I didn't search so hope I'm not repeating.

Mulligan stew in one form or another has probably been around since cast iron pots were hung over open fireplaces and the variety of what goes into them is endless, limited only by what is in the refrigerator.

Mine is simmering as I type and my mouth is watering as they never fail to be delicious.

I had 1/3 of a chicken that needed to be eaten or used, half a smoked sausage and plenty of mixed vegetables, onions, a couple of potatoes and a can of diced tomatoes. Added some diced green peppers plus all of the usual seasonings, substituting my kelp salt for regular salt. Oh and a couple of strips of leftover bacon.

There are receipts but for me it is always whatever I have on hand. My simple version is a sausage stew with lots of onions one diced potato and broccoli. 

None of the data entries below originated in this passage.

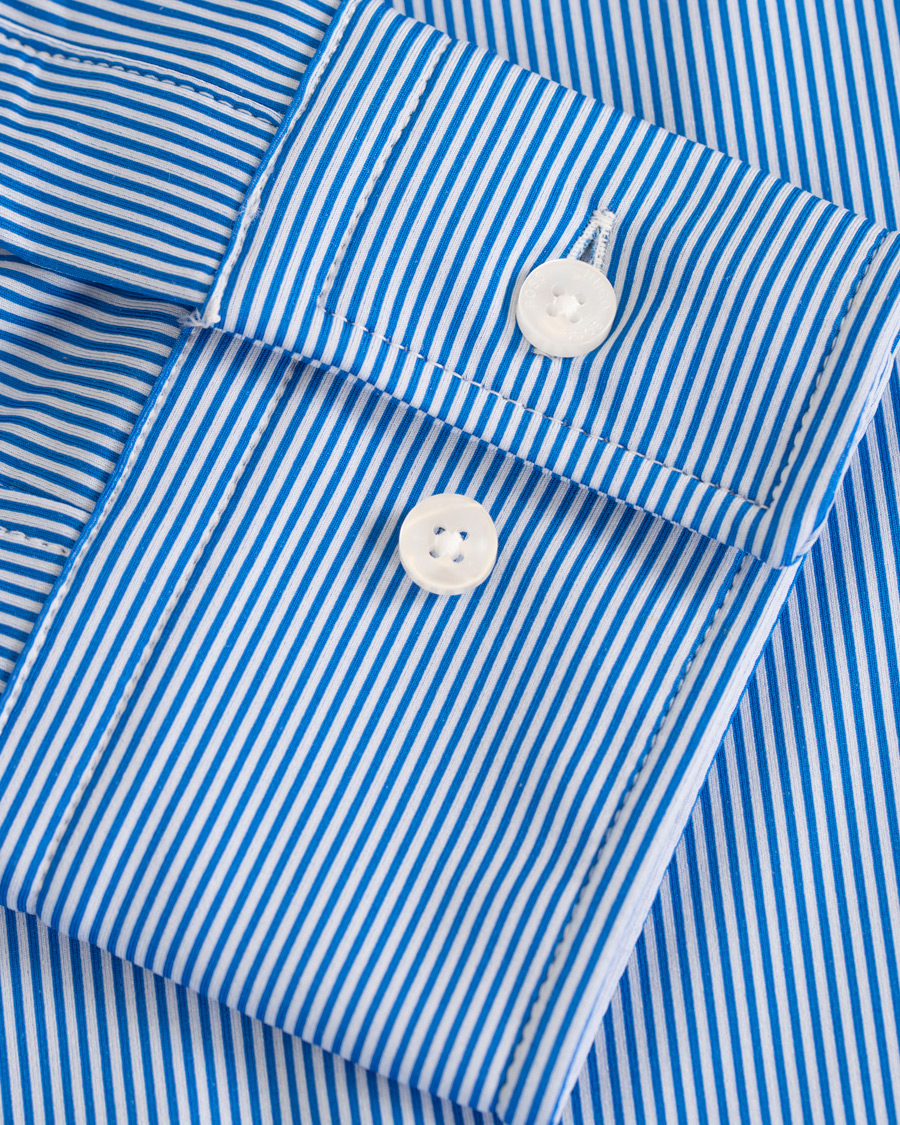 Heren | Overhemden | BOSS BLACK | BOSS Jenno Slim Fit Super Stretch Shirt White/Blue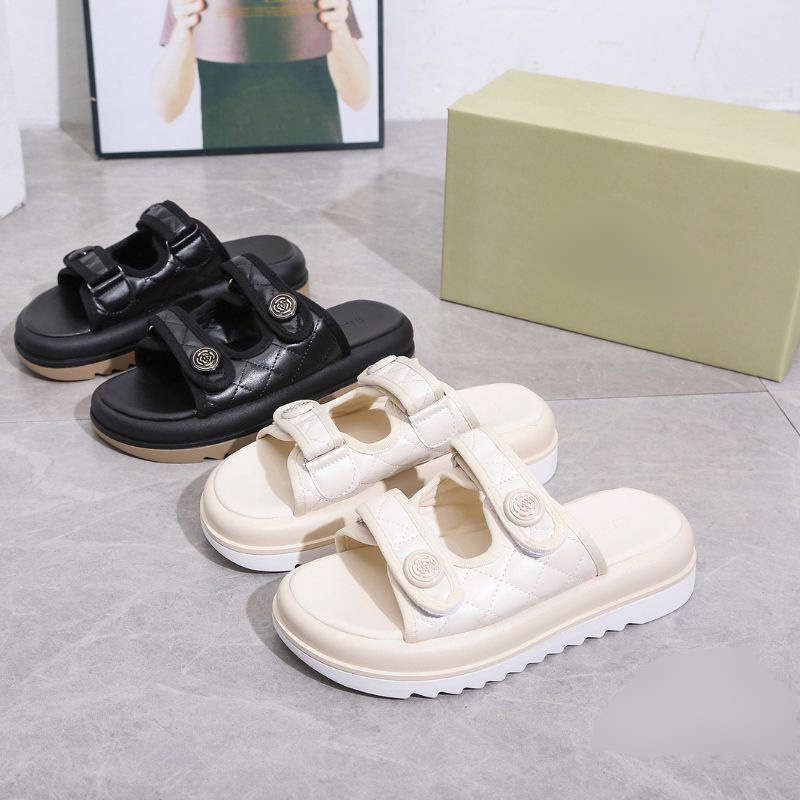 RYX - Fluffy Cassie Sandal Slip-On Wanita Fashion Casual / Jalan Jalan - Ori Import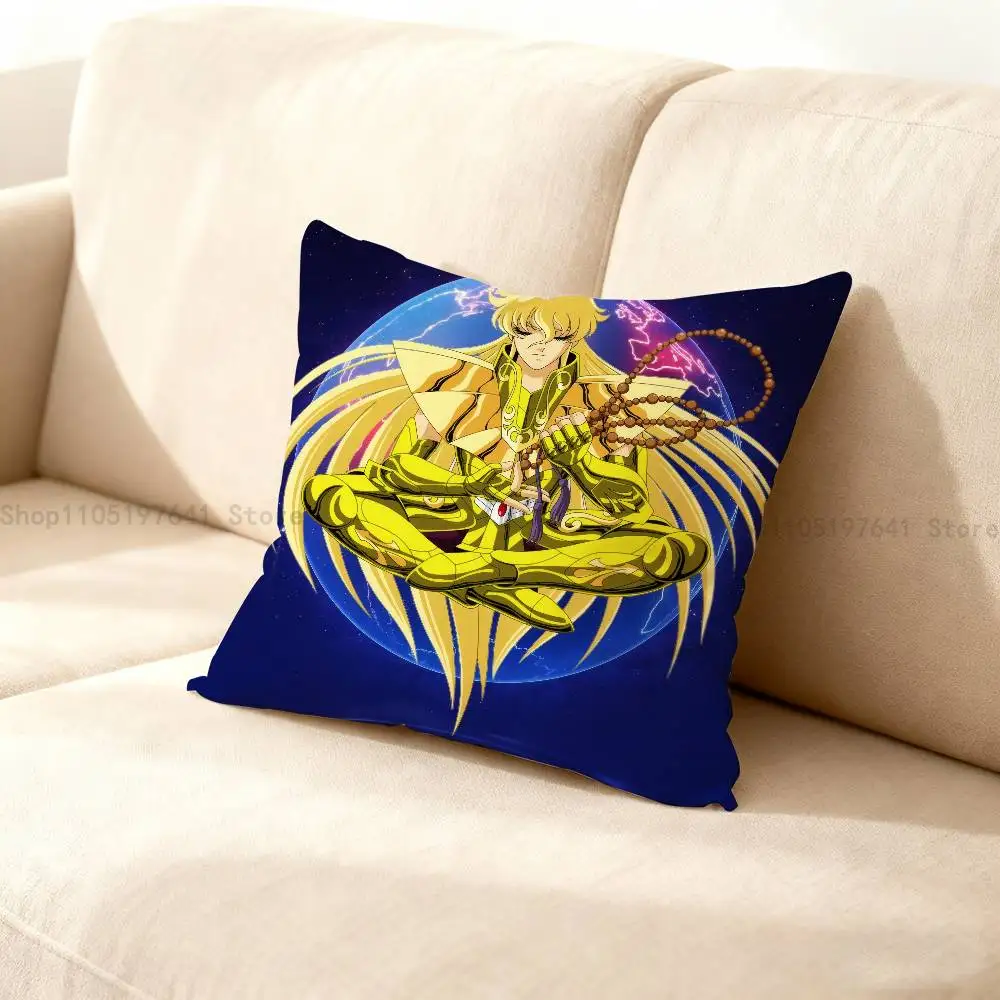 

Saint Seiya Virgo Shaka Pillow Case cute cartoon anime peripheralsBedroom Sofa Decorative Cushion Cover Soft Cushion Cover
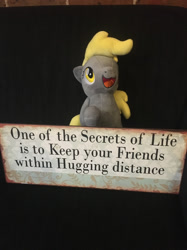 Size: 1280x1707 | Tagged: safe, artist:didgereethebrony, derpibooru import, derpy hooves, pegasus, pony, photo, plushie, solo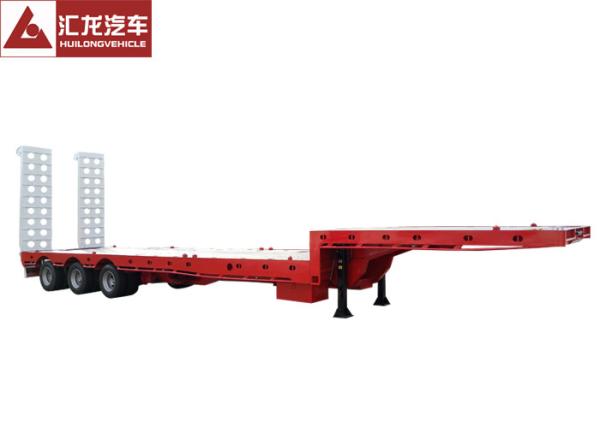 Integrative Heavy Duty Gooseneck Trailer Modern Industrial Design Strengthened Vertical Beam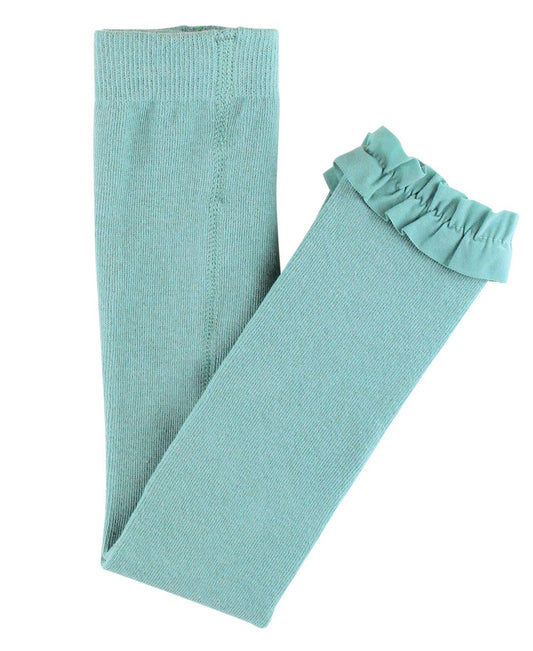 Zoe Antique Blue Footless Ruffle Tights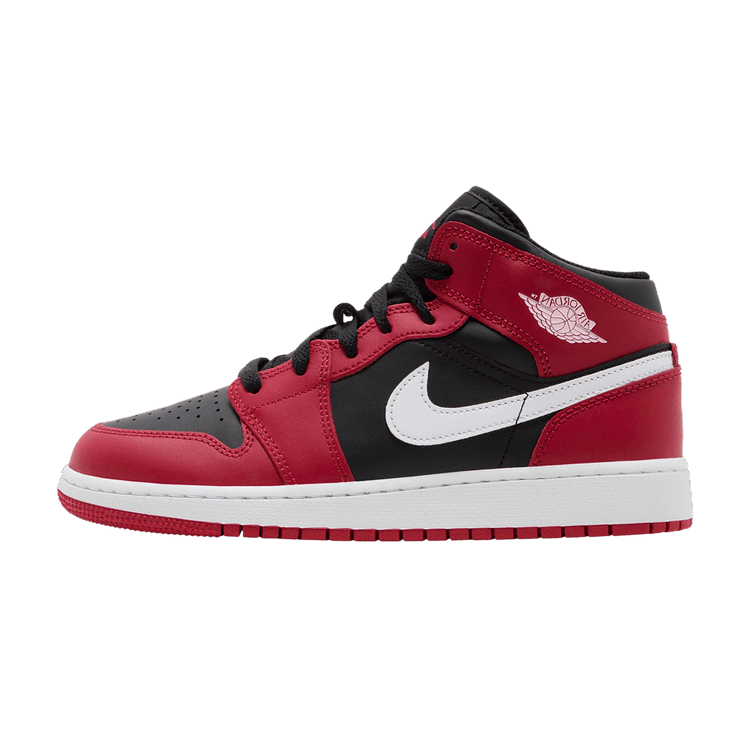 Jordan 1 Mid Gym Red Black White (GS)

Maybe that is where they got the name to use in golf, because every time you finish a pot of this you get asked for a mulligan (a do over).

What goes into your pot?

Bud


----------



## wooleybooger (Feb 23, 2019)

:vs_cool:

Like you I use what ever I have.


----------



## u3b3rg33k (Jul 17, 2018)

Brunswick stew is also a fun one.


----------